操作系统： Linux（Ubuntu 20.04+ 推荐）/ macOS 11+ / Windows 10+（WSL2 更佳）
Python 版本： Python 3.9 - 3.12（推荐 3.10/3.11）
GPU（可选）： NVIDIA GPU + CUDA 11.8 / 12.1+ + cuDNN
依赖项： pip、conda（推荐用 conda 管理 CUDA 依赖）

检查 GPU（可选）

# Linux / WSL2
nvidia-smi
# 输出应显示 CUDA 版本和 GPU 信息

# 如无输出，需安装 NVIDIA 驱动和 CUDA Toolkit

2. 安装命令

# 前往 pytorch.org 获取最适合你环境的安装命令

# === CPU 版本 ===
pip install torch torchvision torchaudio

# === CUDA 11.8 版本 ===
pip install torch torchvision torchaudio --index-url https://download.pytorch.org/whl/cu118

# === CUDA 12.1 版本 ===
pip install torch torchvision torchaudio --index-url https://download.pytorch.org/whl/cu121

# === Conda 安装（推荐，自动处理 CUDA 依赖）===
conda install pytorch torchvision torchaudio pytorch-cuda=12.1 -c pytorch -c nvidia

# === 验证安装 ===
python -c "import torch; print(f'PyTorch {torch.__version__}'); print(f'CUDA 可用: {torch.cuda.is_available()}'); print(f'GPU 名称: {torch.cuda.get_device_name(0) if torch.cuda.is_available() else \"无\"}')"

3. 常见安装问题

问题 1：`torch.cuda.is_available()` 返回 False

# 检查 CUDA 驱动
nvidia-smi

# 检查 PyTorch 是否为 CUDA 版本
python -c "import torch; print(torch.version.cuda)"
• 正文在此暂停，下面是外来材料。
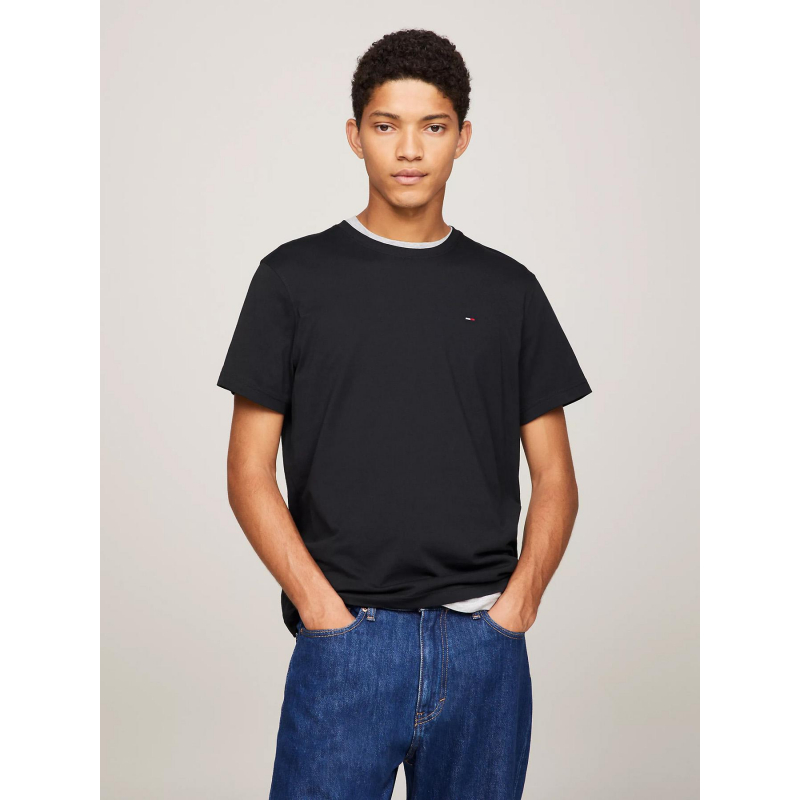 T-shirt slim logo brodé noir homme - Tommy Jeans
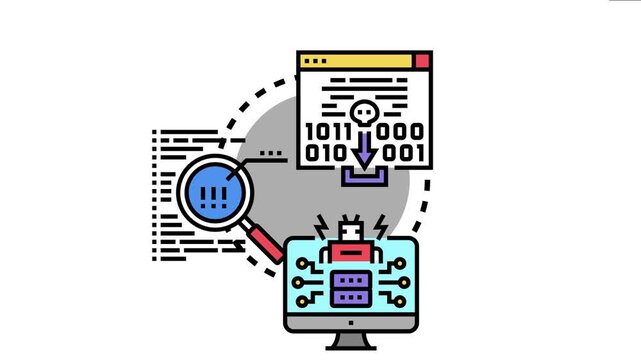 Computer screen showing a bot relaying malicious software, representing a cybersecurity threat, data theft, and hacking through network exploitation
# 如果输出的 CUDA 版本为 None，说明装了 CPU 版本
# 卸载后重装 CUDA 版本
pip uninstall torch torchvision torchaudio
pip install torch torchvision torchaudio --index-url https://download.pytorch.org/whl/cu121

问题 2：pip 安装速度慢

# 使用清华镜像
pip install torch torchvision torchaudio -i https://pypi.tuna.tsinghua.edu.cn/simple

问题 3：macOS 无 GPU 支持

macOS 自 MPS 加速可用（Apple Silicon）：

# PyTorch 2.0+ 支持 MPS
device = torch.device("mps" if torch.backends.mps.is_available() else "cpu")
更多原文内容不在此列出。